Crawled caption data
==============================
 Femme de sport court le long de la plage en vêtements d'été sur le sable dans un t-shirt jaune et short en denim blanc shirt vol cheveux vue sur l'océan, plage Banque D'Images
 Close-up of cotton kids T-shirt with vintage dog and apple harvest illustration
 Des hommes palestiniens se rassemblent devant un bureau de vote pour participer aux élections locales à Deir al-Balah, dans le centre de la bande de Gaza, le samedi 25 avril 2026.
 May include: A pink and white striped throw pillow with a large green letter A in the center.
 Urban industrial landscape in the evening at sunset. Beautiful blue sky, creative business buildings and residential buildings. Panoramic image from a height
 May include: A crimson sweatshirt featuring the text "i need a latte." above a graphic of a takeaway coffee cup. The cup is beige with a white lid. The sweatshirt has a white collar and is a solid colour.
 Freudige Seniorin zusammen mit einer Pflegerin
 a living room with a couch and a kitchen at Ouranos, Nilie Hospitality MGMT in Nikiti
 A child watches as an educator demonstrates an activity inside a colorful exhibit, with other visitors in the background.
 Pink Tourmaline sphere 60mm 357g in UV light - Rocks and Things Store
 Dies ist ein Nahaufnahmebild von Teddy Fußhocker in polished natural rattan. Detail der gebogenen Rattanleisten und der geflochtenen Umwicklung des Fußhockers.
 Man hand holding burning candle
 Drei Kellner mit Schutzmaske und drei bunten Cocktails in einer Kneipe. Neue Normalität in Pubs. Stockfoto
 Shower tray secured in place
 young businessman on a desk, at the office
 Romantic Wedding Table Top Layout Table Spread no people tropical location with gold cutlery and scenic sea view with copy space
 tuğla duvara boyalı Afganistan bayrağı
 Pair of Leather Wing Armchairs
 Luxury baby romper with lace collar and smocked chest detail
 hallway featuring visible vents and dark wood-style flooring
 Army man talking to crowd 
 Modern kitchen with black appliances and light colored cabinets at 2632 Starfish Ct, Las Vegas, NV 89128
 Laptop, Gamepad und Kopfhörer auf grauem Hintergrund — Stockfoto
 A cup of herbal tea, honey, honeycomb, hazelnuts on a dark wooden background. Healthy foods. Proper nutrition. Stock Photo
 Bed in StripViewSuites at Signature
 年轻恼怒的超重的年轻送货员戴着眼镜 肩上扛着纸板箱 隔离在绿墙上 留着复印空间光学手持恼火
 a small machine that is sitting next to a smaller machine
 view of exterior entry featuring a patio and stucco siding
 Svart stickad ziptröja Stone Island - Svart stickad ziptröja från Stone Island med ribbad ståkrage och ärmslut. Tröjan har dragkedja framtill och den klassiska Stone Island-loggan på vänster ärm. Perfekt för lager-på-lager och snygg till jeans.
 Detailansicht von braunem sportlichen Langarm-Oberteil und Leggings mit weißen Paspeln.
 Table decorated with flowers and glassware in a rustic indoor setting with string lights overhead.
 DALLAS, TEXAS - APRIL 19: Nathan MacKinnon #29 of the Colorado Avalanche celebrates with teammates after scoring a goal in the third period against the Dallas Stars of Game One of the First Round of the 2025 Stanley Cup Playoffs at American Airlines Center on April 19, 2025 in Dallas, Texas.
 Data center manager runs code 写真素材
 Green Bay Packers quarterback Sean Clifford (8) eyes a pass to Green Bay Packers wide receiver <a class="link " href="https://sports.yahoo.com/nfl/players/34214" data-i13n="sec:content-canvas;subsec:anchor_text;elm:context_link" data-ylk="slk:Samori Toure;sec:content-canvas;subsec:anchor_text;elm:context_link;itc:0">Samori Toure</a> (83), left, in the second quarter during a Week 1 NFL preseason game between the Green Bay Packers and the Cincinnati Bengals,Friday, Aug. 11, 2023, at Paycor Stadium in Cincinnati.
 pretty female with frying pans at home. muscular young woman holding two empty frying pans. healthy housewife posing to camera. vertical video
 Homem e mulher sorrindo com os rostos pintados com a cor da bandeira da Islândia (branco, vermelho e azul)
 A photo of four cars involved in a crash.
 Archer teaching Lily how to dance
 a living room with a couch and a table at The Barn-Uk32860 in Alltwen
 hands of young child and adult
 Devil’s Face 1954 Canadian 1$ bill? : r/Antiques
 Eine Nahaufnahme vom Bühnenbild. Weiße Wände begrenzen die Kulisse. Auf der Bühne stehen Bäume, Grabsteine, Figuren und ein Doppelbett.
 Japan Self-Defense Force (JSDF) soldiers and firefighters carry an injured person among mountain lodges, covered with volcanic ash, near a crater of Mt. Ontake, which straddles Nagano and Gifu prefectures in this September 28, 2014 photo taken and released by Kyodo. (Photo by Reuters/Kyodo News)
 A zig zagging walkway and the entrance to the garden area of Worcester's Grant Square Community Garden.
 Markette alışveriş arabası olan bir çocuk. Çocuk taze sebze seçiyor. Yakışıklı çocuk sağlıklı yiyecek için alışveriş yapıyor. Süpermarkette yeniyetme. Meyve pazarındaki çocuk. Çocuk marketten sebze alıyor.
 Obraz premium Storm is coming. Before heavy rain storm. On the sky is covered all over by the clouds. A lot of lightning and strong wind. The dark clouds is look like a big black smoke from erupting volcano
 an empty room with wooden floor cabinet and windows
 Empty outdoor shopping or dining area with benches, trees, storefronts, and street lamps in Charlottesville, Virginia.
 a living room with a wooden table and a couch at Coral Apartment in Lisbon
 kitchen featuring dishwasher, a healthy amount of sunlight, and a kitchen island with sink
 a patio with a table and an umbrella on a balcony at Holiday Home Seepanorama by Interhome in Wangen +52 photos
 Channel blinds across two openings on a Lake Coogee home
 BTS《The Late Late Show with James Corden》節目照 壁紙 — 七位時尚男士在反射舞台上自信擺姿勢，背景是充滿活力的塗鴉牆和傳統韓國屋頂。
==============================
Check the data above line by line for the word "kitchen". State only how many lines contain it.

_EXERCISE ANSWER_
3